ストア側でデータを持つので台数制限3台はあるが、対応する機器で使い分けて共有できる。ただし、読んだところのマーキングの共有などは現状できない。
・対応する機器は?
もうすぐ、ドコモのLYNX 3DとソフトバンクのGALAPAGOSが対応する。その他のAndroidスマートフォンにも将来的には対応する予定。Androidはまだ発展途上なので、落ちるアプリなどで世界を崩したくないのでしっかり検証する必要がある。
・端末の機能追加は?
シャープは今まで機能追加アップデートはしたことがないが、GALAPAGOSは進化すると言っているようにOSのアップデートを含め機能の向上をしていく予定。
具体的には春以降に動画サービスを行う。
・SNS連携は?
ぜひ実施したいと思っている。既存のSNSと連携することを考えている。
ブックマークリストが一覧できるようになっているのでそれを共有したりすると面白いのではないか。
・なぜGALAPAGOSと命名したのか?
GALAPAGOSは本来の進化の象徴としての命名。前向きなイメージで言っているが賛否両論の反応があるのは確か。でもそれだけ話題と知名度を得たのは良かった。
・スキャンしたPDFなどは入れられるのか?
専用ソフトを使って端末に転送することができるが、クラウド側に持っていくことはできない。プリンタと見なしてプリンタドライバでXMDFに変換して転送することもできる。
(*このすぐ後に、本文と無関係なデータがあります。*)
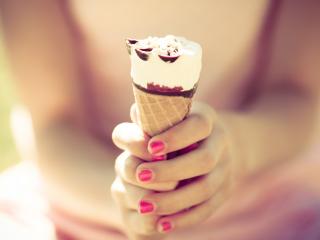 обои Рожок мороженого в девичьих руках фото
最初GALAPAGOSの発表関連記事を見たとき、名称やXMDFの話とかばかりで、何がしたいのか正直よくわからなかったのですが、今回のイベントで日本の書籍文化を守り、新しい書籍体験を作りたいという思いがよくわかりました。
iPodのように、手持ちのCDを変換して本体に入れてしまい、CDを持ち運んだり、保存したりしなくてよくなるというメリットを、電子書籍と本の関係でも実現できれば良いのですが、自炊といわれているようにスキャンして入れるというのはかなり面倒です。かといって、何もない本棚が並ぶハードウェアというのも寂しいものがあります。
垂直統合のエコシステムで重要なのはゲーム機と同じように端末の普及ですね。iPodのようにそれなりの台数が出れば、影響力も大きくなり関係者を巻き込みやすくなるかと思いますが、今のメディアタブレットや対応ハードウェアの展開では大丈夫かな?ここで一杯本を買っても良いものか?と思ってしまいます。音楽と同じでDRMありのフォーマットは管理する人が止めれば、読むことができなくなる可能性がありますし・・。
まずはぜひ、本の買い取りを始めたTSUTAYAと、買い取りを現金でなく、電子書籍クーポンでかなりお得に還元して、既存の本棚を整理して、電子書籍を買わせるような仕組みを構築してほしい。
SNS連携はもちろん、リアルな本でもちゃんとつながる(ページ数など)口コミの仕組みも構築してほしいですね。本は口コミで買うことが本当に多いので。
その場で体験する時間はほとんどありませんでしたが、1ヶ月間メディアタブレットをお借りすることができました。また、コンテンツ代金も一定額まで出して頂けるそうなので、端末やサービスについては試して別途記載したいと思います。
シャープ、WillViiの皆様、本田さん、モノフェローズの皆様ありがとうございました。